Iska is 18 months and still acts like that. We have to MAKE her nap some days or she'll be a zooming lunatic.


----------



## Heagler870 (Jun 27, 2009)

My 7 month old used to sleep a lot. Both my dogs are inside dogs and they are on my sleep pattern. They don't sleep unless I do. It's weird. Well at least I know they don't sleep when I'm here. They probably do when I'm gone but I'm not gone that often and when I am my fiancée is usually here.


----------



## roxy84 (Jun 23, 2007)

kimba is 3 1/2 and she still is on the go most of the day.


----------



## Pattycakes (Sep 8, 2010)

Sambuca said:


> And by "older" please tell me you mean 11 months!!!


LOL...nope...Uschi is 17 months!


----------



## Rerun (Feb 27, 2006)

Mine nap throughout the day, or at least play quietly. Dante is the youngest and is laying on one of the dog beds chewing on a nylabone right now and the other three are snoozing. But I am home with them every day (have a baby at home) so they are used to it. I know some people whose dogs are nuts on the weekends or their days off because they aren't used to having people home or are used to being crated during the day. 

Mine get a lot of playtime during the day but nap between and are wiped out and snoozing by around 7pm.


----------



## crisp (Jun 23, 2010)

GSDs are by nature high energy dogs. Also, dogs that sleep most of the day usually do it out of boredom not low energy. They will also sleep more with age, but Sam is still just a pup. You'll have to give him some tme to mellow out.


----------



## Rerun (Feb 27, 2006)

crisp said:


> Also, dogs that sleep most of the day usually do it out of boredom not low energy.


That's interesting. 

See, IMHO, dogs that don't sleep or nap off and on throughout the day are dogs that are wired too tight or not getting enough exercise/stimulation.

Different strokes I suppose.


----------



## crisp (Jun 23, 2010)

Rerun said:


> That's interesting.
> 
> See, IMHO, dogs that don't sleep or nap off and on throughout the day are dogs that are wired too tight or not getting enough exercise/stimulation.
> 
> Different strokes I suppose.


Could be.
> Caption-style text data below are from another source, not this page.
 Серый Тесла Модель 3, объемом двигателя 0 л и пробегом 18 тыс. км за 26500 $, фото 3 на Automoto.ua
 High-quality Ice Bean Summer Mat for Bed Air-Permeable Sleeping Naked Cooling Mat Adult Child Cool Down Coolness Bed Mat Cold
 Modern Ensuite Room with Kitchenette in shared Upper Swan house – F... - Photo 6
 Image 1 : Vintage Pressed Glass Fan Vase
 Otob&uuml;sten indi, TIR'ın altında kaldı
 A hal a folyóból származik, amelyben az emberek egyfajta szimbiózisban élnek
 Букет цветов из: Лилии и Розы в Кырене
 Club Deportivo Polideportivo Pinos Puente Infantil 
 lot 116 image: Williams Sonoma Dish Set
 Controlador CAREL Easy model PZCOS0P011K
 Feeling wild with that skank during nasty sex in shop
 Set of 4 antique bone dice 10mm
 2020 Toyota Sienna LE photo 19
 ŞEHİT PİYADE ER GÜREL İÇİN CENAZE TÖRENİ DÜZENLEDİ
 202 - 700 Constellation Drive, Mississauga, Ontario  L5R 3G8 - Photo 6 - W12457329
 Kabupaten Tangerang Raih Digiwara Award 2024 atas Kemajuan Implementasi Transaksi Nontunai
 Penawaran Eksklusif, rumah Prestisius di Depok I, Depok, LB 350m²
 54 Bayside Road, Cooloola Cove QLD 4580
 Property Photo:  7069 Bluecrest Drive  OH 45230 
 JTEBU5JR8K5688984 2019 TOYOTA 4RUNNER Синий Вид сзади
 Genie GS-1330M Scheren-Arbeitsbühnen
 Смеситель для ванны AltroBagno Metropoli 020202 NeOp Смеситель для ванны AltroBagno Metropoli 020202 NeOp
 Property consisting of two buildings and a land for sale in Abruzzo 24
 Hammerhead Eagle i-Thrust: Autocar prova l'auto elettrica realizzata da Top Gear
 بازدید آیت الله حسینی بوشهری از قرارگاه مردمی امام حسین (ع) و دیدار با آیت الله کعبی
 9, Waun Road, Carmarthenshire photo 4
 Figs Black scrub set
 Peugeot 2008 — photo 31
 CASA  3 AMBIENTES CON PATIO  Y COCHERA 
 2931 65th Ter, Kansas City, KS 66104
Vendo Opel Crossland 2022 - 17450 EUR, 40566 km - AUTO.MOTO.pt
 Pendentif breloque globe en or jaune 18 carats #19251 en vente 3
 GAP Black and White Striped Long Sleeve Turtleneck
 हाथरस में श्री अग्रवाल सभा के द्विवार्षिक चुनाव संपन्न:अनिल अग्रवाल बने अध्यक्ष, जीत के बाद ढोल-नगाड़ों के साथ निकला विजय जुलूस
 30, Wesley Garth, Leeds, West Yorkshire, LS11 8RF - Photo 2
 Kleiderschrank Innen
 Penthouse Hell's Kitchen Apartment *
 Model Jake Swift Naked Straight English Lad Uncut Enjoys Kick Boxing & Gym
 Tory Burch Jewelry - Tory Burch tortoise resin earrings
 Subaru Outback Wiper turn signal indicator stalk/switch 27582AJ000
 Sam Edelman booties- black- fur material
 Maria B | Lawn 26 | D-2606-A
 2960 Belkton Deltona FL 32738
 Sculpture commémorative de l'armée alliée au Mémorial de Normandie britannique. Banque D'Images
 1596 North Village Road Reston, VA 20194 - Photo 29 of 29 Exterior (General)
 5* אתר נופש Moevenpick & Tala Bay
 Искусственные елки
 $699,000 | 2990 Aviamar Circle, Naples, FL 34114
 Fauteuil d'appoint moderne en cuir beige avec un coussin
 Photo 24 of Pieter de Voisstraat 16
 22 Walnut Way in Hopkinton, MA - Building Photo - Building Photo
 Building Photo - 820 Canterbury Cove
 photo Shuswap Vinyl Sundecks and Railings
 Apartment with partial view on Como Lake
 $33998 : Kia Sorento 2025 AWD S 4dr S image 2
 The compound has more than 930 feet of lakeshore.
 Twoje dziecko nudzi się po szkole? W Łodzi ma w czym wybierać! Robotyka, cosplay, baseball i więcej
Was sharing an opinion only. I guess it depends on the dog. On weekends, my dog is up all day, hangs out with the kids, follows me when I clean, cook, do yardwork. Sniffs the garden and just enjoys her day. She's as mellow as can be, until we go out to goof around in the field or play some fetch. During the week, I'm at my desk working all day and kids are out of the house. Dog has nothing to do and sleeps 7-8 hours a day on top of the 10-11 she sleeps at night.


----------



## Elaine (Sep 10, 2006)

My dog will at least settle down now and he's 3.5 years old. He never slept for the first two years and leaps up if I even think of putting on shoes as we might be going somewhere. He gets more exercise and more training than most any other dog on this forum and competes in three different sports so I don't think he's underexercised or wired too tight. All his exercise just took the edge off. Best dog ever! Wish I had a dog like this twenty some years ago when I first started getting dogs of my own.


----------



## ba1614 (Feb 17, 2010)

These are my first GSDs' and it amazes me how they generally do whatever I do. I'm generally very active all day and they are are right there with me, but if I decide to chill for a day and hang out on the couch, they lay there with me all day. Although I still get them out every couple hrs for a 15-20min stretch when I'm being lazy.


----------



## Sambuca (Mar 13, 2010)

Thanks for the info folks.

I hesitate at taking him out more than we already do now. On one hand I think it may help to burn some of his energy but on the other I don't want to help build his endurance and expectation that we'll go out and play whenever he wants to!


----------



## Akk578 (Sep 30, 2010)

Bandit seems to adapt to the level of energy in his surroundings. Although things can be very active here with three young children running around. He has his own spot on his dog bed and he relaxes on his bed quiet often durring the day. He is not a hyper dog at all for being a pup still.


----------